▸ **Supplied data**

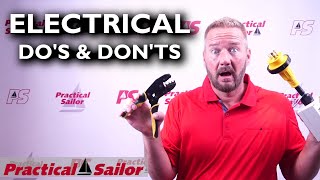Electrical Do's and Don'ts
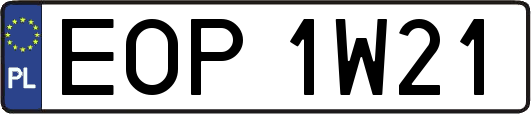 EOP1W21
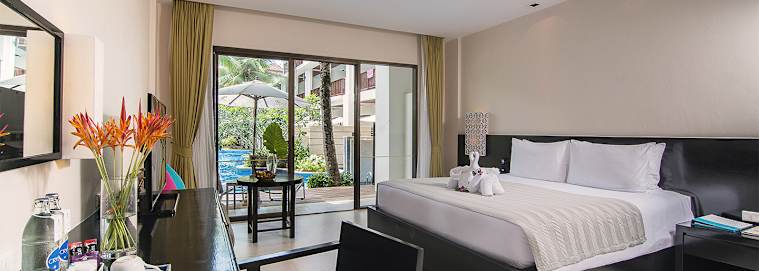 THAÏLANDE | Khao Lak - Apsara Beachfront Resort & Villa 4* dès 819 € / personne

▸ **What you are asked to do**
I'd like the material above repeated exactly, with the pictures omitted.

▸ **Solution below**
Electrical Do's and Don'ts
 EOP1W21
 THAÏLANDE | Khao Lak - Apsara Beachfront Resort & Villa 4* dès 819 € / personne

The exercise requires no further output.